Input records:
--------------------------------------------------

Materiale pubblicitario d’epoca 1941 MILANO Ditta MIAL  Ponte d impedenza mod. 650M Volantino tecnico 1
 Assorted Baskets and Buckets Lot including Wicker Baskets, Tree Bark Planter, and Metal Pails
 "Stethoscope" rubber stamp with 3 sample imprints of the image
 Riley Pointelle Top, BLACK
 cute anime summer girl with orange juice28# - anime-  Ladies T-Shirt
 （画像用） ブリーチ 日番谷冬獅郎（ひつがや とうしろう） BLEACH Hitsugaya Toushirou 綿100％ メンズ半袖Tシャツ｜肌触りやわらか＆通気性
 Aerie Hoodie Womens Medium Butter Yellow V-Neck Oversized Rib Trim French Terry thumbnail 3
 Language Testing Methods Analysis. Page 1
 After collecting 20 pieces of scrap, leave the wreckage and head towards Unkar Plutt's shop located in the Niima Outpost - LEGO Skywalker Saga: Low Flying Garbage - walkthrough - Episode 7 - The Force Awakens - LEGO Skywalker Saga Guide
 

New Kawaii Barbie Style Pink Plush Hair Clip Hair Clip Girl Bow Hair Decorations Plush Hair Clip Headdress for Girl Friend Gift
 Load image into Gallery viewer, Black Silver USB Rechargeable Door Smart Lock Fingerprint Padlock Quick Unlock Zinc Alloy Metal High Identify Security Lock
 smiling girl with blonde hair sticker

--------------------------------------------------

Exercise requirements:
Your answer must be the line that contains "cute anime summer" and every line after it to the end of the records, reproduced exactly.

Result for this exercise:
 cute anime summer girl with orange juice28# - anime-  Ladies T-Shirt
 （画像用） ブリーチ 日番谷冬獅郎（ひつがや とうしろう） BLEACH Hitsugaya Toushirou 綿100％ メンズ半袖Tシャツ｜肌触りやわらか＆通気性
 Aerie Hoodie Womens Medium Butter Yellow V-Neck Oversized Rib Trim French Terry thumbnail 3
 Language Testing Methods Analysis. Page 1
 After collecting 20 pieces of scrap, leave the wreckage and head towards Unkar Plutt's shop located in the Niima Outpost - LEGO Skywalker Saga: Low Flying Garbage - walkthrough - Episode 7 - The Force Awakens - LEGO Skywalker Saga Guide
 

New Kawaii Barbie Style Pink Plush Hair Clip Hair Clip Girl Bow Hair Decorations Plush Hair Clip Headdress for Girl Friend Gift
 Load image into Gallery viewer, Black Silver USB Rechargeable Door Smart Lock Fingerprint Padlock Quick Unlock Zinc Alloy Metal High Identify Security Lock
 smiling girl with blonde hair sticker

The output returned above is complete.